Big Data Technologies introduces students to Hadoop, Spark, and other distributed computing frameworks. The course focuses on processing large datasets efficiently and building data pipelines that can handle real-time streaming data.
Mobile Application Development covers the principles of designing and developing applications for iOS and Android platforms. Students learn to build cross-platform apps using frameworks like React Native and Flutter, preparing them for mobile development careers.
Quantum Computing provides an introduction to quantum mechanics and its application in computing.
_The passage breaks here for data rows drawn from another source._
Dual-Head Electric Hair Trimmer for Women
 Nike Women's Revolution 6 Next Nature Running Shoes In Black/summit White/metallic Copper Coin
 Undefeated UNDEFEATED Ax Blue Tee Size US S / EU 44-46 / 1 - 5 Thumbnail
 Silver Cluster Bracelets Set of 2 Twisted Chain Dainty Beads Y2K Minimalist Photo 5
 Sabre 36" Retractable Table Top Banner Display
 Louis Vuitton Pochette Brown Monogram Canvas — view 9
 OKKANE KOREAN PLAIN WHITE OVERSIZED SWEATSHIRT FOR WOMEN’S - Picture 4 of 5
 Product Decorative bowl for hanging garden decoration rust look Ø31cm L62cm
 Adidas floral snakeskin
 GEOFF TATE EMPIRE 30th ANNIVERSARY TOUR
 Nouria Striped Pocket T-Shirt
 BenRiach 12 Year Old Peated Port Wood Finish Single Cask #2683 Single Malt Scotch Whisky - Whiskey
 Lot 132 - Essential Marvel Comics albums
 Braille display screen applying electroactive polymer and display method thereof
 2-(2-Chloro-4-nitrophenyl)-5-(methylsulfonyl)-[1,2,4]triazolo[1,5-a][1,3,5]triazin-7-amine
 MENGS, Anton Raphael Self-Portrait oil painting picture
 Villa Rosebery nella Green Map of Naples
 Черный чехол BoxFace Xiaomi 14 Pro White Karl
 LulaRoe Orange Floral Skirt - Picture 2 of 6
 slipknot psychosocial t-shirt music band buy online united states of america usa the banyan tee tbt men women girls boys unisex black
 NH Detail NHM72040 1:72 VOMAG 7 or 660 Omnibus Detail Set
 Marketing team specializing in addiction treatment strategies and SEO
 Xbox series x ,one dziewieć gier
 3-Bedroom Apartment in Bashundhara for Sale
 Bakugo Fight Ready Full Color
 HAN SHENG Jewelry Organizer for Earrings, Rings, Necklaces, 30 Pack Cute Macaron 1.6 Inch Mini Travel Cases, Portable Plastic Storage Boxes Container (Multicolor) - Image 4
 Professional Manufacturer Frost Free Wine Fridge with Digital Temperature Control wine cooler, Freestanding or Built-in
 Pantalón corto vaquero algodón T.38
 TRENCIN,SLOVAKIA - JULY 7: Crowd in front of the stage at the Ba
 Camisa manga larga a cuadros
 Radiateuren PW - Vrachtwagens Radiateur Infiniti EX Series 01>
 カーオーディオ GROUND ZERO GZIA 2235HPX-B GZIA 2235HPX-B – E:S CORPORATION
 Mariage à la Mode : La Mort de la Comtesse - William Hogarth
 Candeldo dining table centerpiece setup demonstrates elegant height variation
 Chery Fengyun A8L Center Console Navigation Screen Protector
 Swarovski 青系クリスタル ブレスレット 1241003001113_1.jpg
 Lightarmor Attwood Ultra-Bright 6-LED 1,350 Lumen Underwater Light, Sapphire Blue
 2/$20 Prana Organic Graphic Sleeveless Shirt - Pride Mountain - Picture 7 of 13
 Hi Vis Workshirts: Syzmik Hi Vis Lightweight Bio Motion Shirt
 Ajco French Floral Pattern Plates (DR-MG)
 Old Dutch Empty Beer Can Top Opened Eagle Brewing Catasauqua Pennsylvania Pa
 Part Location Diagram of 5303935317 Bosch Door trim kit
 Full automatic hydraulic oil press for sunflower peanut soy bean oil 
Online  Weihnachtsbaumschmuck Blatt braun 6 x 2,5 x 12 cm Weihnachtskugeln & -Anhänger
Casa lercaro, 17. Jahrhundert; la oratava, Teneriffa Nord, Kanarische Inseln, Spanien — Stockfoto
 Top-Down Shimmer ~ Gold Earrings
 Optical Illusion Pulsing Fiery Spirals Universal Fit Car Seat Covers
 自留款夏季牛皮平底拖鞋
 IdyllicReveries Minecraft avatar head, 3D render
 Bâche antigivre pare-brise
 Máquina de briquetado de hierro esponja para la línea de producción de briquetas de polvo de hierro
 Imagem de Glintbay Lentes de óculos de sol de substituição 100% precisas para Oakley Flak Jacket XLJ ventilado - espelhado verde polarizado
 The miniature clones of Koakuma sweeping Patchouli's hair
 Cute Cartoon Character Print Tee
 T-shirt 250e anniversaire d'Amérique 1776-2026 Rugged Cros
The course covers quantum algorithms, quantum circuits, and simulation techniques, preparing students for the emerging field of quantum information science.
Distributed Systems and Cloud Computing explores the design and implementation of systems that operate across multiple computers. Students study concepts such as consensus protocols, load balancing, and cloud deployment strategies, preparing them for roles in system architecture and DevOps.
Project-Based Learning Philosophy
The Computer Science department at Presidency University Bangalore is committed to project-based learning as a core pedagogical approach. This methodology emphasizes the development of practical skills through real-world problem-solving experiences.
Mini Projects are introduced in the early semesters and gradually increase in complexity and scope. These projects are designed to help students apply theoretical concepts learned in class to practical scenarios, fostering creativity and innovation.
The Final Year Thesis or Capstone Project is the culmination of the undergraduate experience. Students work under the guidance of faculty mentors on a substantial research or development project that addresses real-world challenges. This project allows students to demonstrate their mastery of the field and prepares them for post-graduation opportunities in academia or industry.
Project selection is an important process where students can choose from a list of faculty-led projects or propose their own ideas. The department facilitates this by providing access to research facilities, mentorship, and funding for necessary resources.
Evaluation criteria for projects are comprehensive, considering factors such as technical competency, innovation, documentation quality, presentation skills, and teamwork. This holistic approach ensures that students develop not just technical skills but also essential soft skills required in professional environments.